To do: How many lines of the data contain "Stock"? Reply with the number alone.
Records supplied START
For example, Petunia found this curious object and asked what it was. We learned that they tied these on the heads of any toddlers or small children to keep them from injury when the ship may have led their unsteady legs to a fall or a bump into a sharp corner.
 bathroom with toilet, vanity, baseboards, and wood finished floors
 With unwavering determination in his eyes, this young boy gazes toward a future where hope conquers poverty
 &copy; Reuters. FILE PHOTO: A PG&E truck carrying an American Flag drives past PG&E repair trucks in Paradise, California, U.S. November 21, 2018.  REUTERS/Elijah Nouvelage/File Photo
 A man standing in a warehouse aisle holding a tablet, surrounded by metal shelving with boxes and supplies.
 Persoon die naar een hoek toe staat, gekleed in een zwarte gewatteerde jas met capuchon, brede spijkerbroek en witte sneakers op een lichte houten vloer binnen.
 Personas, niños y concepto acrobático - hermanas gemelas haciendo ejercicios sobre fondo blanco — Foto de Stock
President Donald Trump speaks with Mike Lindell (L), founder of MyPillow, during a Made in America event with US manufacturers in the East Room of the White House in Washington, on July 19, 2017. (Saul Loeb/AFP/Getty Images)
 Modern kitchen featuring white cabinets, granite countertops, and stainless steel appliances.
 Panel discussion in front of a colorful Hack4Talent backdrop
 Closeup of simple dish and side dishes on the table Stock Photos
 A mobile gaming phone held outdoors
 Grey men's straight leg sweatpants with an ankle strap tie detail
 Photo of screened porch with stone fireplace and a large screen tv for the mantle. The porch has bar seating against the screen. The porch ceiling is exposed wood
Records supplied END
Answer to this task: 2